Un contribuente impugna 5 Avvisi di Liquidazione emessi dal Comune per differenza di imposta (oltre interessi) tra quanto versato con rendita provvisoria e quanto dovuto con rendita definitiva attribuita con notifica 03.01.2000 da parte dell'Agenzia del Territorio.
Contemporaneamente impugna gli avvisi di classamento che hanno attribuito le rendite.
L'Agenzia del Territorio, a seguito del ricorso, riduce sensibilmente le rendite dei fabbricati.
Nel frattempo il contribuente ( in data 29.04.2002) paga gli avvisi per la differenza d'imposta per un totale di € 8.621,73.
Il difensore del ricorrente presenta in Commissione Tributaria memorie aggiuntive ove, in considerazione della riduzione delle rendite, chiede che il Comune rimborsi al ricorrente la differenza di € 5.645,36 quale imposta ICI pagata in eccesso (da € 8.621,73 pagata a seguito avvisi di liquidazione e € 2.976,37 dovuta in base alle nuove rendite).
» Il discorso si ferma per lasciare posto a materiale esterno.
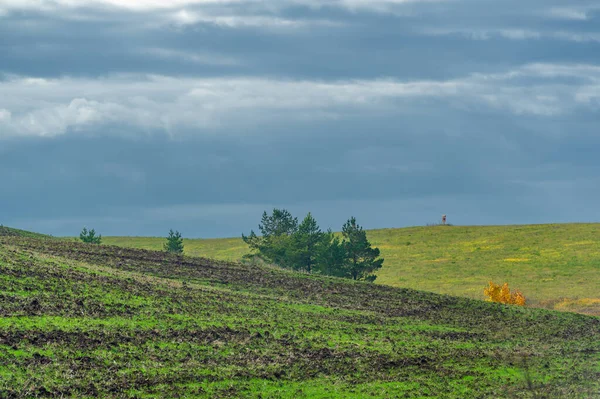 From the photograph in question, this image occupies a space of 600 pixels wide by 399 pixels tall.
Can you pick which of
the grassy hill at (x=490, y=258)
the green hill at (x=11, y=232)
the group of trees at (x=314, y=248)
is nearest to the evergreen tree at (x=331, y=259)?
the group of trees at (x=314, y=248)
La commissione accoglie il ricorso nei limiti di quanto richiesto dal ricorrente con Sentenza del 15.12.2003, depositata in Segreteria il 24.01.2004.
Il Comune deve versare la cifra di € 5.645,36 a titolo di rimborso quale differenza d'imposta ICI pagata in eccesso?
Gli interessi a favore del ricorrente sono dovuti per legge anche se la Sentenza della Commissione Tributaria niente dispone al riguardo, limitandosi a dire che il Comune deve rimborsare la differenza di € 5.645,36 per differenza ICI pagata in eccesso?
Se dovuti, da quando deve ricorre il calcolo degli stessi?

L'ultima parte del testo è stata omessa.